§ Aim of the exercise
What's needed is an exact copy of the lines from the one that contains "Kingdoms of Amalur: Reckoning" to the end of the data below, leaving the pictures out.

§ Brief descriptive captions

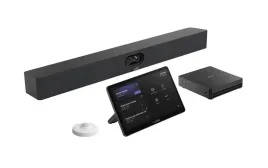 yealink-mvc-s40-c5u-000-system-videokonferencyjny-48-mp-przewodowa-siec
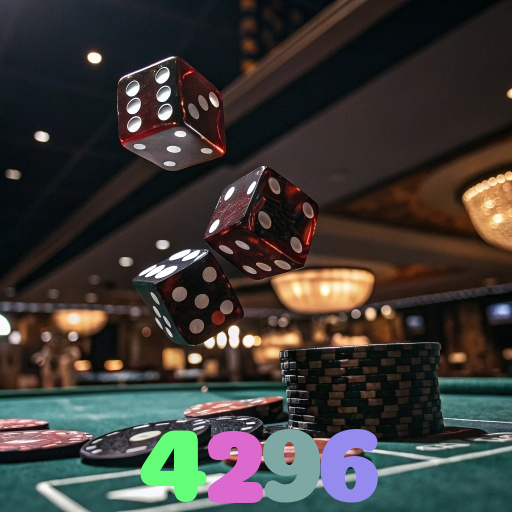 A Magia dos Jogos de Fantasia na 4296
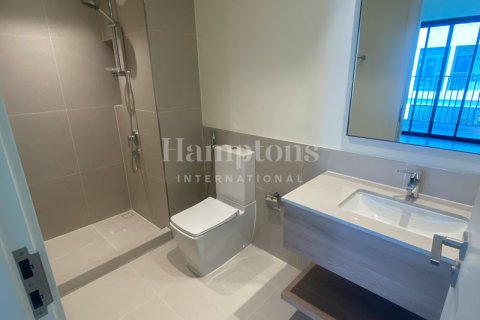 3 bedrooms Townhouse in Dubai South (Dubai World Central), UAE No. 144949 6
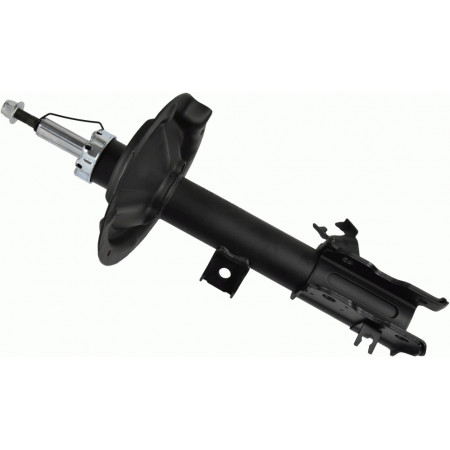 Ammortizzatore Anteriore Destro NISSAN MURANO I 3.5 08.03-09.08 SACHS 317 146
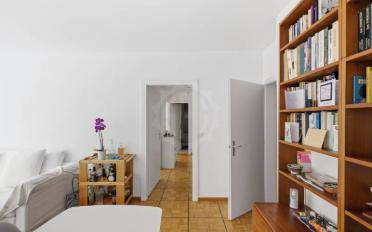 Appartement 3.5 pièces - image - 4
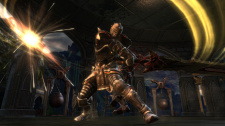 Kingdoms of Amalur: Reckoning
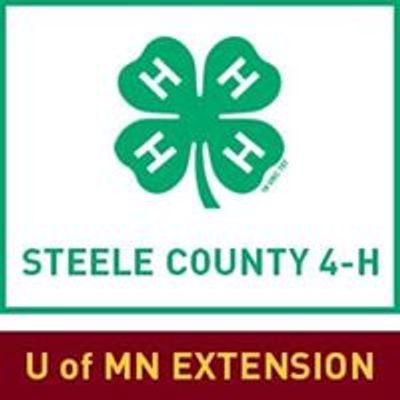 U of M Extension Steele County 4-H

§ Written solution
 Kingdoms of Amalur: Reckoning
 U of M Extension Steele County 4-H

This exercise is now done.